Little progress has been made in closing racial and ethnic disparities in health care: report

Racial health care disparities persist in every state in the country despite two decades of efforts to improve health outcomes for minorities, according to a new report released Wednesday.

Thereportof the National Academies of Sciences, Engineering, and Medicine found that structural racism and people’s living environments have contributed to poorer health outcomes for minorities.

Wednesday’s 300-page report comes 21 years after the organization’s first.

“When the Institute of Medicine (now called the National Academy of Medicine) announced its milestone Unfair treatment report from 2002, we shed light on the fact that your race can determine the quality of care you receive,” said Victor J. Dzau, president of the National Academy of Medicine, in a statement.

“Twenty years later, it is clear that our nation has not made enough progress. There are still major inequalities inherent in the healthcare system,” Dzau continued. “It is imperative that we achieve health equity for all by committing to pursuing and implementing the goals and actions set out in this new report.”

The report shows that racial and ethnic minorities are significantly less likely to receive primary care. During emergency department visits, minorities experience longer wait times and receive fewer acute triage severity scores. Long-term care facilities that serve minority residents provide fewer clinical services and have lower staffing levels.

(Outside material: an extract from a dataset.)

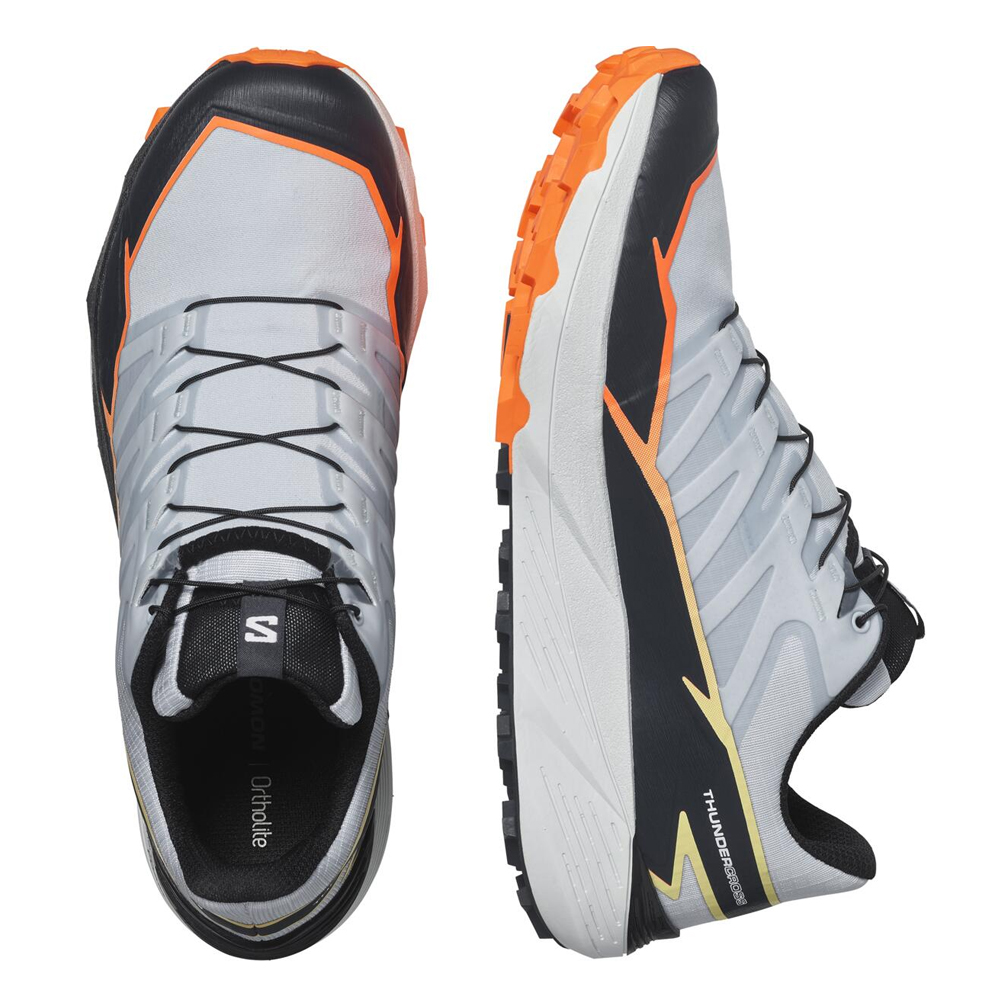 Треккинговые кроссовки мужские Salomon Thundercross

In an analysis of diabetes, that report found that non-white patients are less likely to receive newer, more expensive medications and diabetes technology. Black patients with diabetes experience hospitalization rates that are more than 2.5 times higher than those for white patients.

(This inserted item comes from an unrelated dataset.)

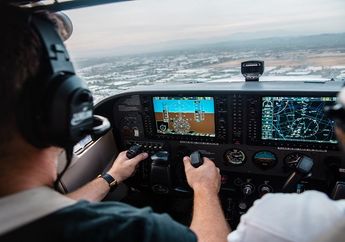 Apakah Mode Autopilot pada Pesawat Bisa Menerbangkan Pesawat secara Otomatis?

The report offers actions the federal government can take to close gaps in health care.

One action is to report data on the disparities. The report calls on the Office of Management and Budget to aggressively enforce requirements for routine collection of data on race, ethnicity, tribal affiliation and language by all federal health care agencies and research programs.

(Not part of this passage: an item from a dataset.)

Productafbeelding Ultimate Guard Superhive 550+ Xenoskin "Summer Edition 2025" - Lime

The report also urges the National Institutes of Health and other research funders to expand funding for research aimed at addressing health care disparities, structural racism, and health-related social needs.

The report calls on Congress and the U.S. Department of Health and Human Services to empower the Office for Civil Rights to enforce the Affordable Care Act’s ban on discrimination in health care programs.

And, the report concludes, Congress should chart a path to affordable, comprehensive health insurance for all.

“Eliminating health care disparities is an achievable and achievable goal, and improving the health of individuals in the nation’s most underserved communities improves the quality of care for all,” said Georges C. Benjamin, co-chair of the committee that wrote the report. and executive director of the American Public Health Association. “This is not a zero-sum game; we are all in this together.”